What's the secret of your success?
Dedication, hard work and persistence, I’d say. I’d love to point to one specific tactic and say that’s why I’ve been able to sell so many books, but I don’t think it’s that simple. I’ve put in long hours blogging, tweeting, and Facebooking – after spending the necessary time writing – and I kept at it. I tried to create the most professional product I could, along with behaving professionally.
What's the single best thing you ever did?
My decision to self-publish was the single best thing I ever did. I was initially published by a small press. We had a very amicable relationship and I learned a lot, but I knew I’d be better off outsourcing the cover design and editing while retaining all the profits. From a business perspective it made absolute sense, but emotionally, it was a little difficult to let go of the security blanket of a publisher. I’m so pleased I did, though. My first self-published novel, Build A Man, was a bestseller in both the US and the UK.
Did you get lucky? What happened?
I think there’s always an element of luck, and in a way, I’m lucky I write in a genre (women’s fiction) that sells very well.
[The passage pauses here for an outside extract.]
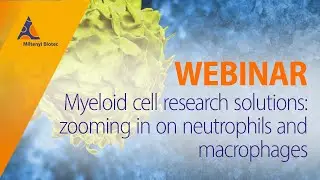 Myeloid cell research solutions: zooming in on neutrophils and macrophages [WEBINAR]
To date, I have sold in excess of 250,000 copies of my self-published novels. Over Christmas 2012, I had two books in the top 100 of the UK Kindle chart, which was a very heady experience. I think having the right cover helps, along with the right pricing strategy. I kept the price low to compete with bigger publishers and to pull in new readers.
How do you get/stay in creative mode?
I don’t really think about it – I just sit down and do it! I think writing is 99 per cent hard work, one per cent inspiration.
How do you prioritise?
For me, writing always comes first. The best way to sell books is to keep putting more out there, so I always make sure to put in a few hours of writing each day. Depending on the time that’s left, I hit Facebook and Twitter.
I’m hoping to write the third in the Build A Man series and to release it before Christmas.
What's your top tip for other indie authors?
Staying on top of promotion and social media is important, but make sure to keep writing. Remember, too, that the whole package is vital, including how you present yourself online. And have fun!